The resumption of fighting in eastern Ukraine also has other purposes. Ukraine’s military capabilities—never robust, due in part to corruption and underfunding that has left the army much less able to cope with the new threats Ukraine faces—are being further degraded. And while there is much talk, particularly among politicians and pundits for supplying advanced weaponry to Ukraine’s military, the reality of the poor performance of Ukrainian units and very real concerns about corruption in the ranks will make Western military establishments loath to simply hand over stocks of weaponry. The U.S. military, in particularly, cannot point to the effectiveness of its train-and-equip programs after the debacle of a theoretically much better armed and positioned Iraqi military abandoning the fight (and a good deal of expensive U.S. supplied equipment) to the rag-tag forces of the Islamic State.

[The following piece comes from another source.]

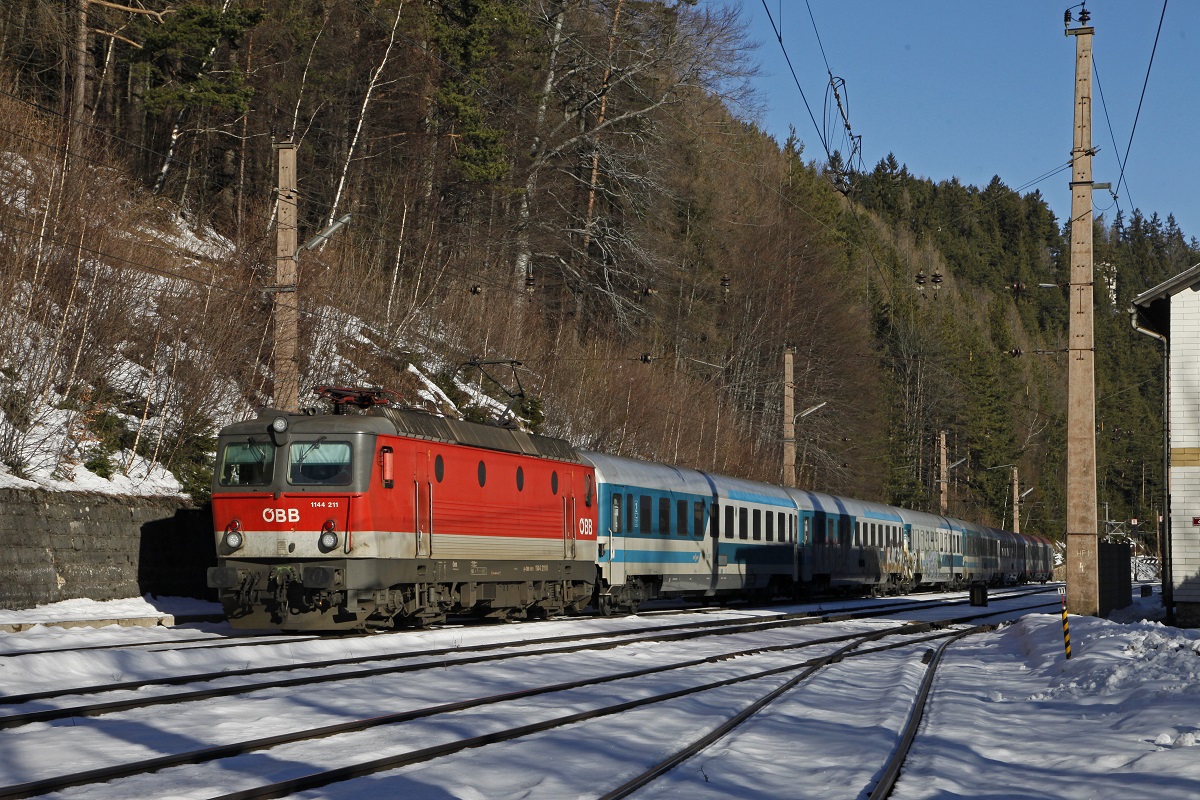1144 211 mit EC151 erreicht am 15.02.2017 soeben den Bahnhof Semmering.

Western private capital is also not poised to make major new investments in Ukraine either. Royal Dutch Shell—which had signed agreements with the ousted president Viktor Yanukovych to begin developing shale oil and gas deposits in east Ukraine, has now put any such plans on indefinite hold, citing the unstable conditions in the region and the impact of the fighting. Ukraine is set to emerge from this conflict far weaker, in both economic and military terms, than where it was a year ago.

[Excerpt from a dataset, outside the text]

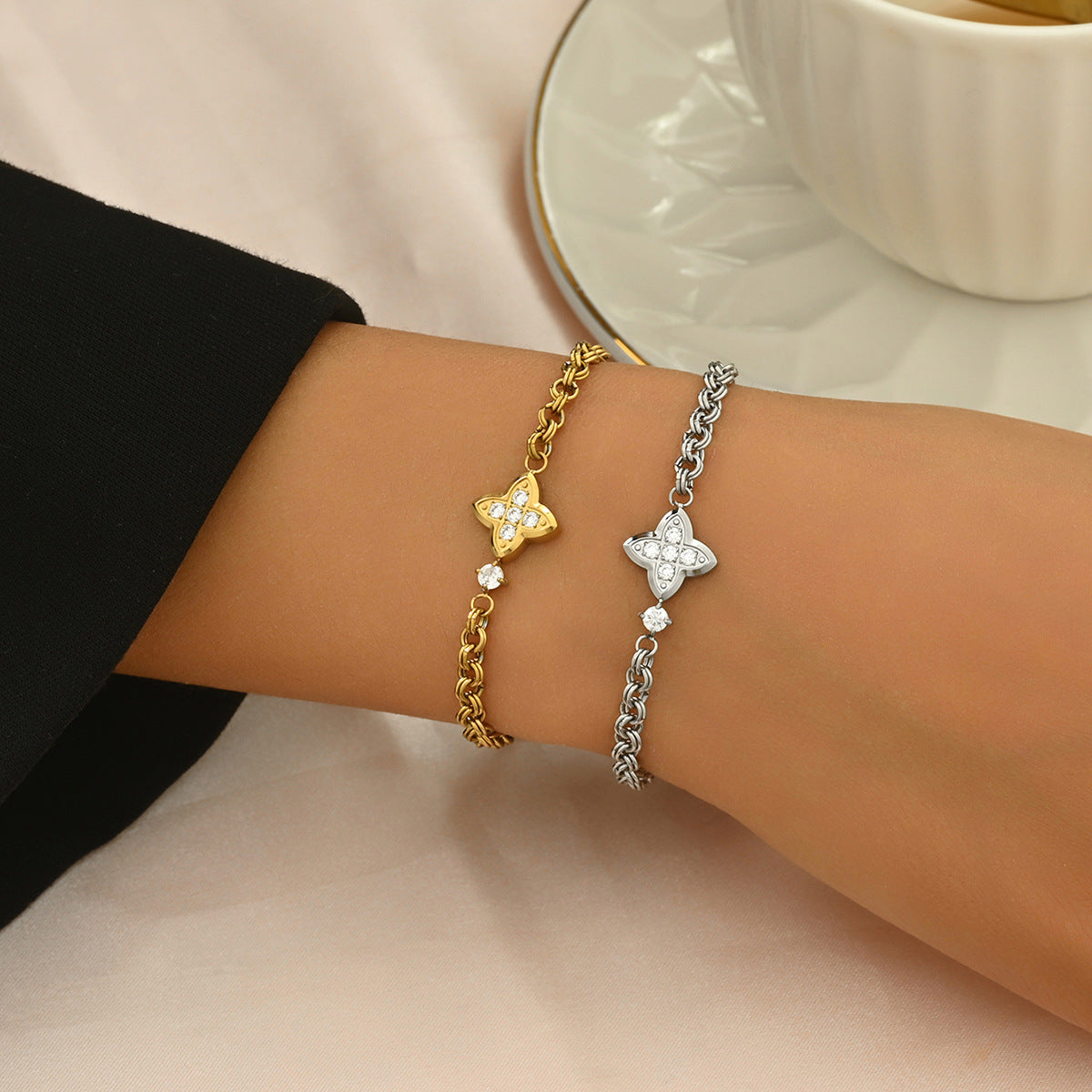 18K Gold Plated 316 Stainless Steel Four-Leaf Clover Bracelet with Crystal Accents – Waterproof & Hypoallergenic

Finally, Putin wants to dash the hopes of the new Ukrainian government in any effective Western intervention on their behalf. After the 2008 Russia-Georgia conflict, former Ukrainian president Leonid Kuchma had advised his compatriots not to be drawn in to any clash with Russia, noting that if Ukraine were to “tilt against Russia … someone will take our side? I’m sure neither [the] EU nor the US won’t lift a finger.” This time around, the West has been prepared to do more in terms of sanctions—although the EU’s efforts have been much more grudgingly imposed—but last week President Barack Obama once again signaled that there were clear limits as to how far the West would go—with military action certainly taken off the table. Poroshenko’s own appeal for immediate EU action to tighten sanctions on Russia was met with a response that the issue would have to be studied—with a final decision postponed until later in September. Putin hopes that by pushing the envelope, he can discredit Western rhetoric and that, in turn, sufficiently chastened Ukrainian leaders will be prepared to make concessions to Russian demands when they realize that no cavalry will be riding to their rescue. In turn, it would further reinforce Russian predominance in the Eurasian space—as other regional leaders would question the value of any vague Western promises versus Putin’s clear willingness to take action to defend his red lines; it would enhance Putin’s popularity at home, by again successfully defying the “diktat” of the West; and his Chinese partners are more than happy to have the apparent hollowness of Western commitments in Eurasia on display as a warning to its own East and South Asian neighbors not to put too much trust in Washington’s promises.

The Russian gamble is that the Kremlin can establish facts on the ground in Ukraine that both the Poroshenko government and the West will reluctantly accept. The Western response, so far, has not changed this calculus; sanctions are a problem but are survivable—especially if they are not sustained for the long term. Putin may be making the biggest miscalculation of his political career, but there is a method to the apparent madness in Ukraine.

Nikolas K. Gvosdev, a contributing editor at The National Interest, is a visiting lecturer in international relations at Brown University.